The Kerala Vyapari Vyavasayi Ekopana Samithi had moved the court against the civic body’s drive. The drive launched by the Corporation targeted plastic materials of all thickness and not just that below 40 microns, as prescribed by law.

“We need to examine the legal aspect of this issue again and we would resort to other means of protest against the use of plastic carry bags, if not to picket stores. But our efforts over the past months have paid off, for most of the up-market stores have completely switched to cloth bags,” said health standing committee chairperson S. Pushpalatha.

At Spencers, store-owners pasted posters outside the shop requesting customers to start bringing their own bags for the shop planned to stop its use of plastic carry bags at the start of this year. According to Shibu Kumar, manager, the store received a regular supply of cloth bags from New Delhi.

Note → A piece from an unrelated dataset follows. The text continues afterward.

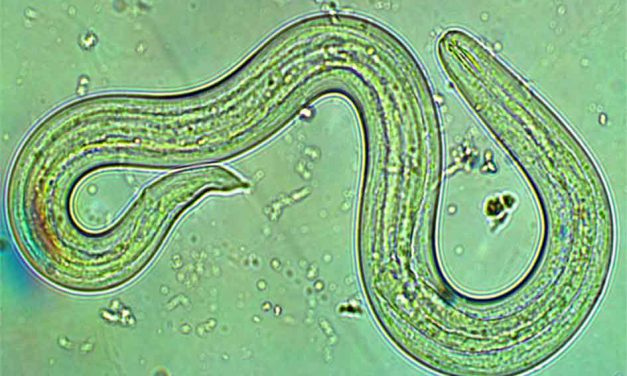 Potentially Deadly Virus Discovered in 5 Florida Counties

Over 5 tonnes had been stocked at their head office, he said.

“Also, people are much more aware now and even before the Corporation began this initiative, many were already using such alternatives,” he said.

Moreover, at markets such as Palayam too, change was evident. Gowriamma, a vegetable vendor here, said though she charged Rs.3 or 5 extra for cloth bags, most were willing to pay and others who did initially grumble made it a point to bring large carry bags from home.

“I buy it from a store here for Rs.180 a kilo, and I cannot afford to give it free of cost,” she said.

“We need to ensure that smaller stores and vendors in the city are able to procure cloth bags,” Ms. Pushpalatha said.

So far, training has been given to around 10 Kudumbasree workers and they had started manufacturing the bags.

Ms. Pushpalatha also spoke of the issue of small store owners acquiring those bags being brought from across the border.

“At places such as Tirunelveli and Thanjavur, there is a whole mechanised system in place and they bring plastic blend bags (the material used includes plastic and cloth) in bulk, which is sold here at much lower rates that what the Kudumbashree units charge. There needs to be an all-party meeting to decide what to do with this influx.

We intend to establish a network of Kudumbashree tailoring units. We do not want a repeat of what happened to the Cleanwell workers after the Vilappilsala waste treatment plant was shut,” she said.